A George le daba la sensación de que el problema principal era el tamaño de Ray. Parecía una persona corriente a la que hubiesen ampliado. Se movía más despacio que el resto de la gente, de la forma en que lo hacen los animales grandes del zoo. Jirafas. Búfalos. Agachaba la cabeza al pasar por las puertas y tenía lo que Jamie describía, cruel pero acertadamente, como «manos de estrangulador».

Durante sus treinta y cinco años en el sector de la industria manufacturera, George había trabajado con hombres varoniles de toda clase. Hombres robustos, hombres que podían abrir cervezas con los dientes, hombres que habían matado gente durante el servicio militar activo, hombres que, en la encantadora descripción de Ted Monk, se follarían cualquier cosa que estuviese quieta el tiempo suficiente. Y aunque nunca se había sentido del todo cómodo en su compañía, rara vez se había sentido intimidado. Pero al visitarlos Ray, se acordaba de cuando estaba con los amigos de su hermano mayor a los catorce años, de la sospecha de que había un código de virilidad secreto del que él no tenía conocimiento.

—¿Y la luna de miel? —preguntó George.

—En Barcelona —contestó Ray.

—Qué bonito —repuso George, que por un breve instante fue incapaz de recordar en qué país estaba Barcelona—. Muy bonito.

—Eso espero —dijo Ray—. Debería hacer un poco más de fresco en esa época del año.

George preguntó qué tal le iba el trabajo y Ray explicó que habían absorbido una empresa en Cardiff que hacía centros de mecanizado horizontal.

No estaba mal. George podía marcarse el farol de embarcarse en una conversación sobre coches y deportes si le insistían.
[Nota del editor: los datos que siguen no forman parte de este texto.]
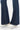SaltTree Kancan mid-rise flare petite jeans in dark wash denim with contrast stitching and frayed hem.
Pero era como hacer de oveja en el auto de Navidad. Por más que te aplaudieran no iban a conseguir que la cosa te pareciera digna o a impedir que desearas salir corriendo de vuelta a casa a leer un libro sobre fósiles.

—Tienen grandes clientes en Alemania. La empresa pretendía que me pasara el tiempo yendo y viniendo de Múnich. Pero me negué en redondo. Por razones obvias.

La primera vez que Katie lo había traído a casa, Ray había recorrido con un dedo el estante de discos compactos encima de la televisión y había dicho: «De manera que es usted un aficionado al jazz, señor Hall», y George se había sentido como si Ray hubiese encontrado un montón de revistas pornográficas.

Jean apareció en la puerta.

—¿Vas a lavarte y cambiarte antes de comer?

George se volvió hacia Ray.

—Te veo luego —y se alejó para cruzar la cocina y subir por las escaleras hacia la calma alicatada del baño, donde podía encerrarse.